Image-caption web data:
● ● ●

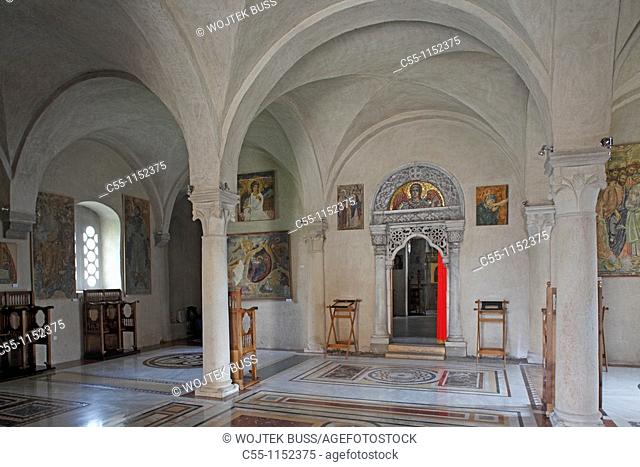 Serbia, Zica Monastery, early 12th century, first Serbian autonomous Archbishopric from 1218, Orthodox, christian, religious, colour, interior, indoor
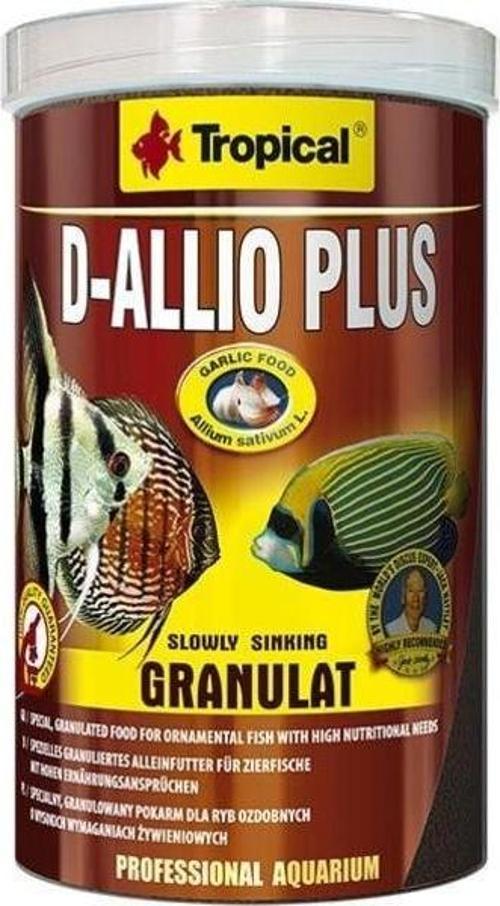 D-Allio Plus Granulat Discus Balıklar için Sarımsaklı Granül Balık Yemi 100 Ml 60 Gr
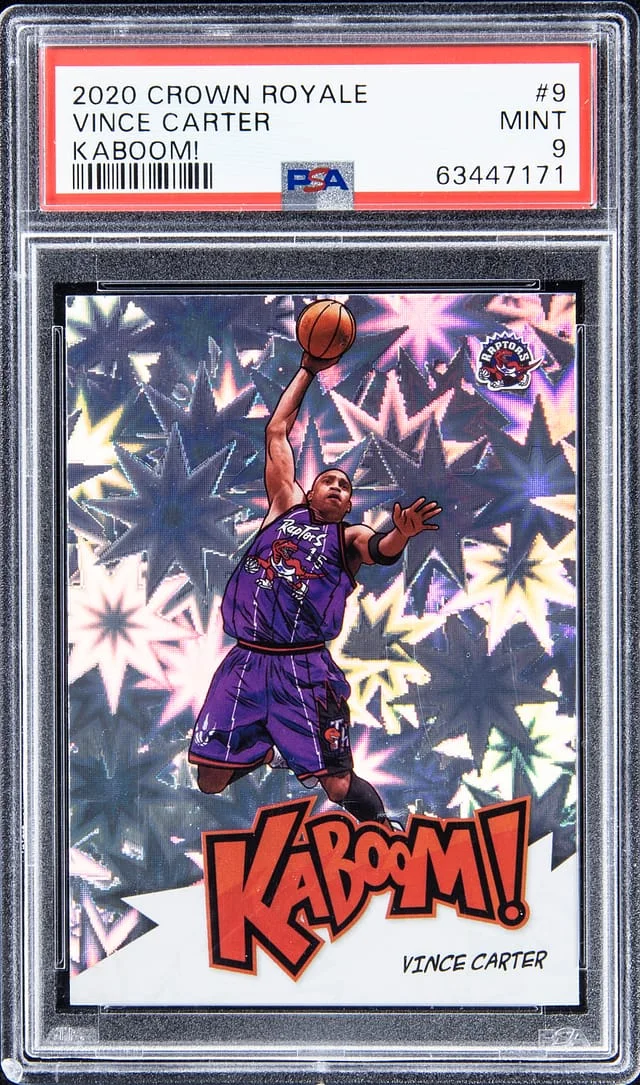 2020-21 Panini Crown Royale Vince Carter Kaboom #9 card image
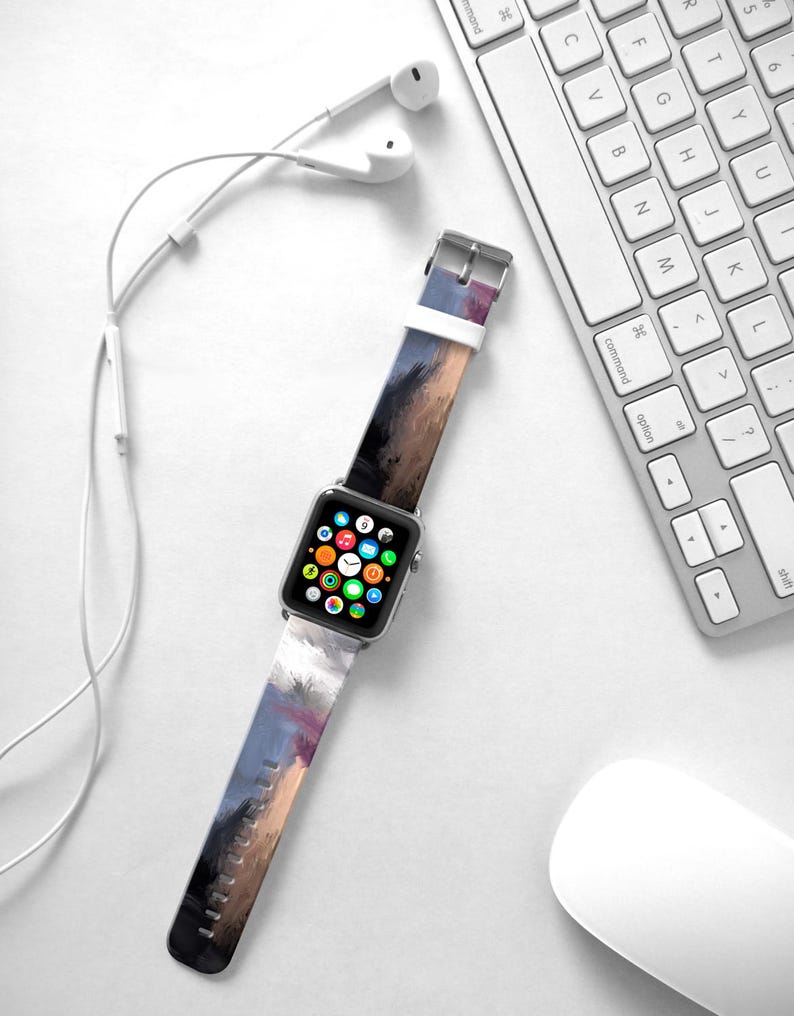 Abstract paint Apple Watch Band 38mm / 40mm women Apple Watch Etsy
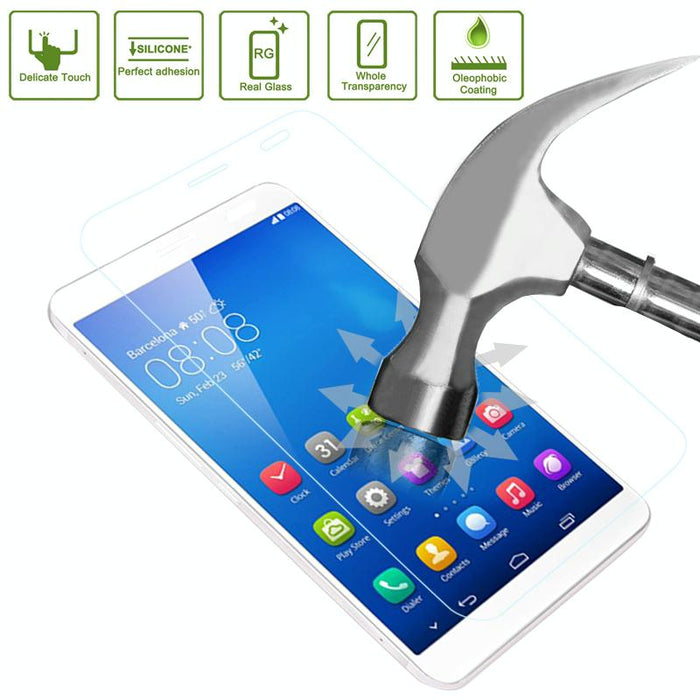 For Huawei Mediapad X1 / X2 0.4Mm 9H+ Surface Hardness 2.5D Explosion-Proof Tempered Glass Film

● ● ●

◆ **Exercise brief**:
Write out exactly, and nothing more than, the lines of the entries above from the line containing "Abstract paint Apple" through the final line; omit any pictures.

◆ **Task output**:
 Abstract paint Apple Watch Band 38mm / 40mm women Apple Watch Etsy
 For Huawei Mediapad X1 / X2 0.4Mm 9H+ Surface Hardness 2.5D Explosion-Proof Tempered Glass Film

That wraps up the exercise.